The race to scale AI infrastructure is accelerating. In the UK, billions are flowing into new data center capacity as operators respond to surging demand for high-performance compute. Much of the discussion has centered on power grid capacity, generation, and how quickly new supply can be brought online.
Power is critical. But it is not the only factor that will determine whether this growth is sustainable. Water is becoming just as important, and in many cases far less well planned for.
England is forecast to face a shortfall of around five billion liters of water per day by 2055. When set against warnings that some of the world’s largest data centers can consume up to 19 million liters of water a day – equivalent to supplying around 50,000 homes – it is clear that AI-driven growth will intensify pressure on already stretched resources. If data centers are to operate reliably, water cannot sit at the end of the planning checklist; it has to be designed in from the outset.
AI is changing the cooling equation
AI workloads have fundamentally altered how data centers generate and manage heat. High-density compute and GPU clusters operate at much higher thermal loads than traditional server environments, increasing the need for advanced cooling.
While many facilities still rely on air-based or hybrid systems, the shift towards liquid cooling is accelerating as operators seek greater efficiency and performance for AI. That shift brings clear benefits, but it also increases dependence on reliable water supplies. According to the World Economic Forum, a 1MW data center can use up to 25.5 million liters of water per year for cooling alone – equivalent to the daily consumption of hundreds of thousands of people.
Even where greywater or alternative sources are used, quality thresholds remain high. Water containing significant waste or particulates cannot be introduced into cooling systems without specialist treatment, otherwise performance and equipment lifespan are compromised. As AI capacity scales, water demand will continue to rise accordingly.
Water and power are now inseparable
As data centers become more energy-intensive, power strategy and water strategy are increasingly linked. In the UK, small modular reactors (SMRs) are being explored as a future power source for large AI facilities. But nuclear generation depends on substantial volumes of water for cooling. Rather than removing water from the equation, it reinforces its importance.
Recent European heatwaves offer a warning. Nuclear plants in France and Switzerland were forced to reduce output or temporarily shut down when river water temperatures exceeded safe cooling thresholds. In warmer conditions, facilities may need to chill intake water before use, adding both complexity and even more water demand.
For data center operators, this highlights the extend that cooling resilience depends more than just access to water. Temperature, seasonality, and long-term availability need to be factored in.
Climate pressure and competing demand
Water stress is no longer a future risk. UK regulators are warning of potential widespread drought as early as this year, and research suggests that growing scarcity could leave some regions facing industrial shortfalls, threaten net-zero targets, and increase the risk of drinking-water shortages without new reservoirs. Rising temperatures compound the issue. Just one degree increase significantly increases evaporation and reduces stored water across catchments. Heat domes, now common across Europe and the US, create prolonged dry spells where demand peaks just as supply drops, directly affecting cooling performance and operational reliability.

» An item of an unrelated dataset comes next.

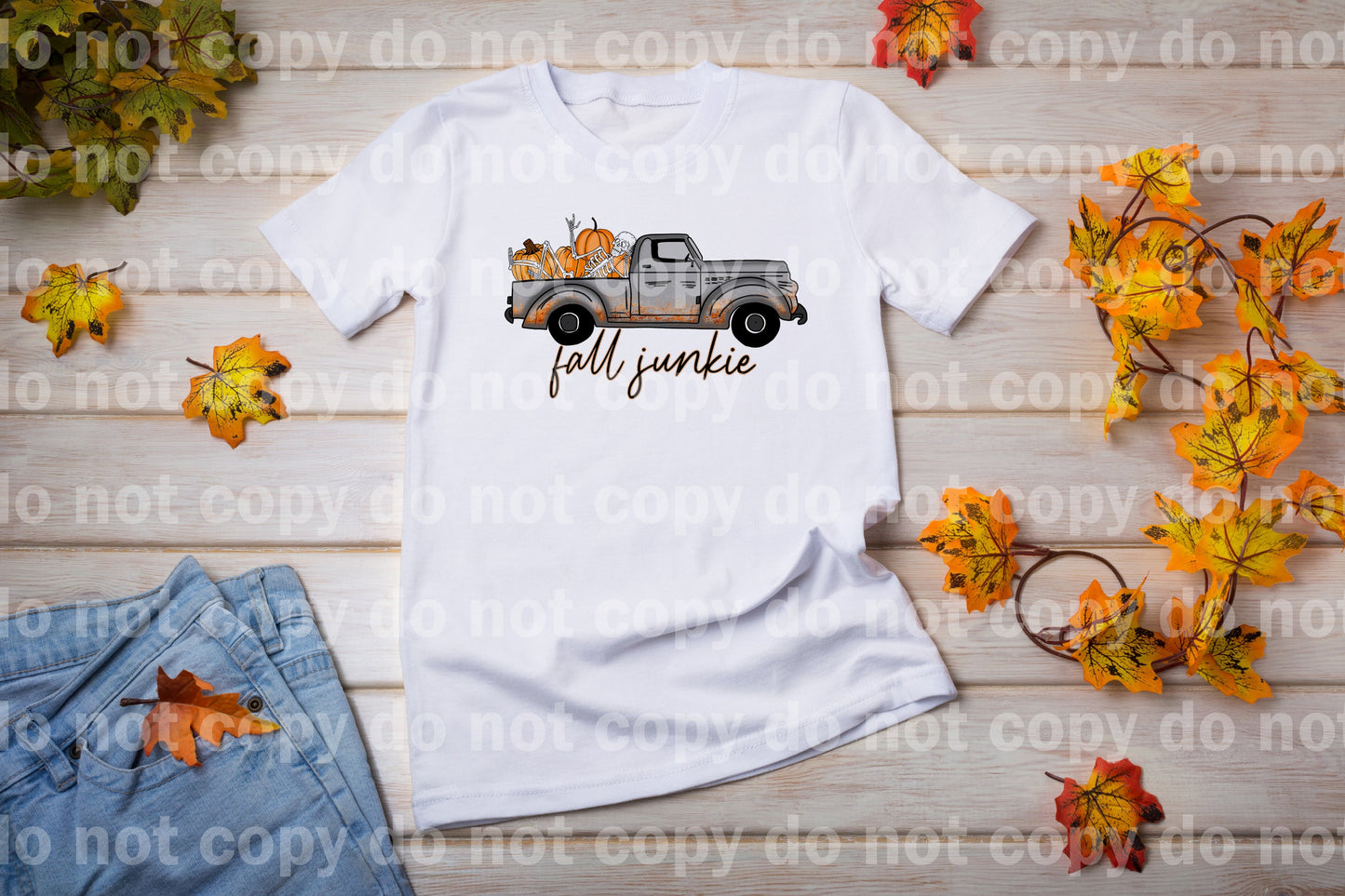 Fall Junkie Skellie On Pumpkin Truck Full Color/One Color Dream Print or Sublimation Print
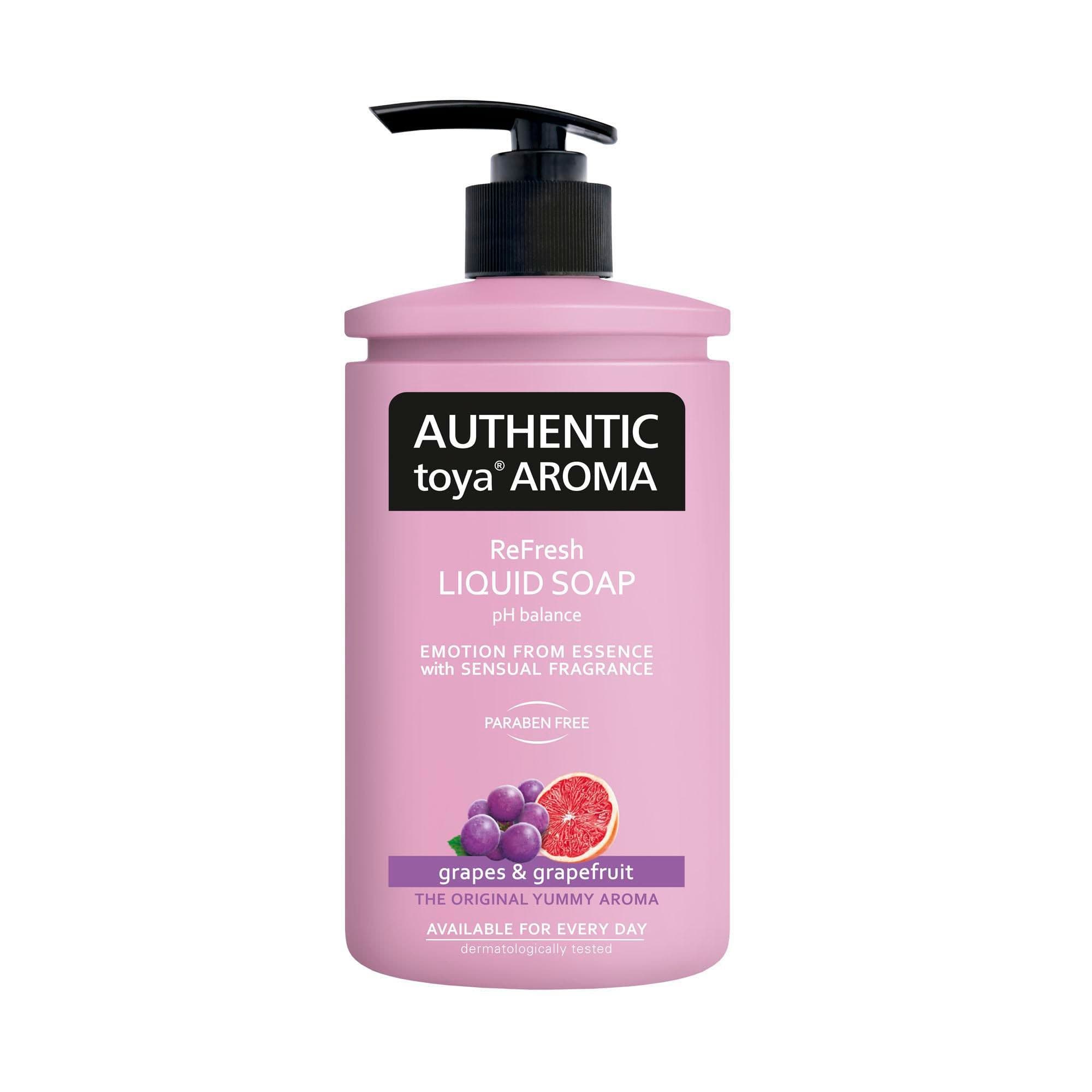 AUTHENTIC toya AROMA tekuté mýdlo s dávkovačem 400ml grapes & grapefruit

At the same time, data centers are competing with other fast-growing sources of demand. Housing expansion, industrial development and agriculture all draw from the same finite resource base. In England alone, 1.5 million new homes are planned over the next five years.
These pressures sit on top of water systems already under strain. Leakage, ageing infrastructure, delayed reservoir projects and environmental compliance challenges have eroded public trust, with analysis indicating that parts of England and Wales could face severe and recurrent freshwater shortages within a decade without significant investment. Yet digital infrastructure is rarely factored into national water planning with the same seriousness as energy, increasing delivery risk and making late-stage intervention more likely.
From “shovel ready” to “shovel worthy”
A recurring issue across infrastructure projects is that water enters the conversation too late. Site selection, design, and power planning are often fixed before local water capacity or long-term climate conditions are fully assessed. By then, options are limited and costs escalate.
Data centers need confidence not only in today’s availability, but in conditions over a 20- to 30-year operating life. That requires integrated planning from the outset, with water and power considered together rather than in silos. Early engagement with water authorities and regulators reduces risk, shortens delays, and improves long-term resilience.
The next phase of AI infrastructure will be shaped by which projects are genuinely deliverable under real-world constraints. Being “shovel worthy” means recognizing water as a core design input, not an afterthought.
Power enables AI growth. Water sustains it. Neglect either, and even the most ambitious data center strategy becomes vulnerable.